The next best thing to having no smoke detector, is using rechargeable batteries in a smoke detector and expecting them to "last forever." When a nearly-depleated rechargeable hits that "knee" voltage, drops off and rapidly dies, you better hope you aren't away for the evening or weekend and miss that low-batt chirp.


----------



## condor11 (Aug 3, 2009)

Turbo DV8 said:


> When a nearly-depleated *alcalines* hits that "knee" voltage, drops off and rapidly dies, you better hope you aren't away for the evening or weekend and miss that low-batt chirp.



I replaced one word in your statement, now how is it different? Noone expects Eneloops to last forever, but they will last as much as alcaline.

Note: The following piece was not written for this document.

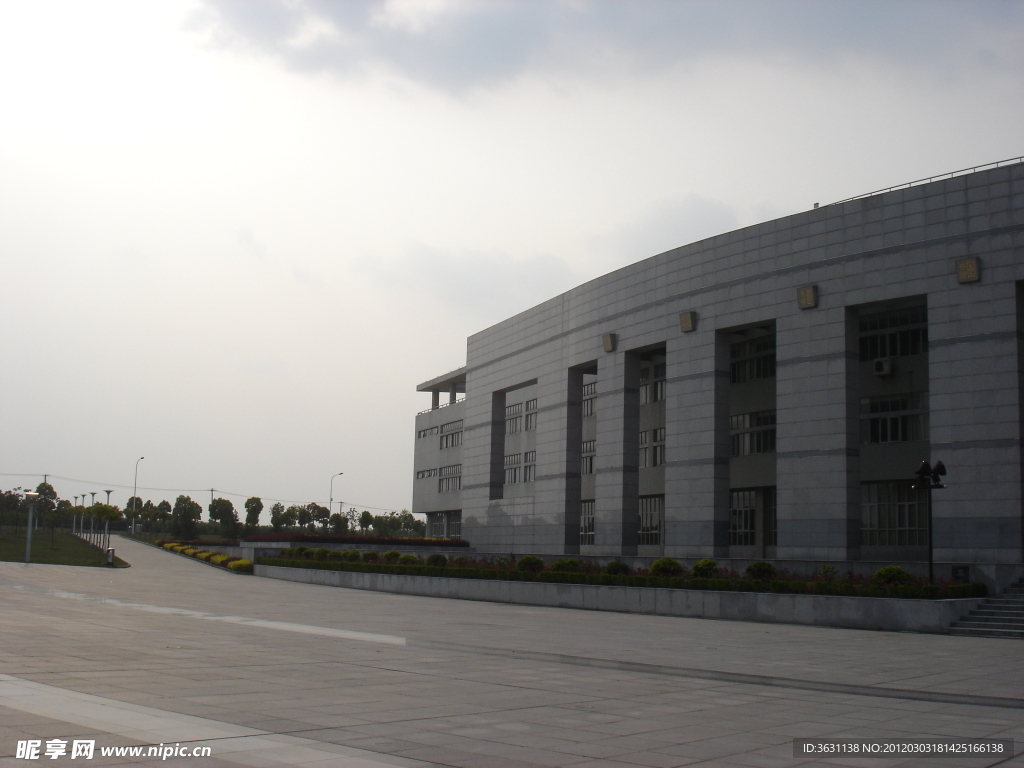 大学图书馆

As for my theory, I may be playing devil's advocate a bit but given today's alcaline battery prices (how much are 4 AA Energizers, like $4 in Canada) I would expect anything from battery industry. They aren't stupid to shoot themselves. Competition, some say? AA alcaline Energizers, Panasonic and Duracells all cost a lot! And what's funny even with dollar stores selling 4AA for a dollar for the last 5 years the brand names still don't drop their prices!


----------



## TorchBoy (Aug 3, 2009)

1. I really don't know about having "harm" in the name of a battery.
2. Is there any evidence it's super rugged? Are there claims it can take constant trickle charging or withstand repeated overdischarging? It _does_ claim to be LSD, though.
3. It looks rather light weight. I'm with SemiMan in thinking part filled.
4. Those voltage curves don't look good to me, compared to Eneloop. For any given current their performance is lower than Eneloop, so I don't think they'd be particularly good for hotwire.
5. Without having a price significantly less than Eneloop there wouldn't be much point in using them where I wouldn't want Eneloops tied up doing not much (eg, TV remotes). I guess we'll wait and see on this one.

*If* it was on topic, since when did alkalines in low drain devices have a knee voltage? Could you start a thread explaining that one?


----------



## Mr Happy (Aug 3, 2009)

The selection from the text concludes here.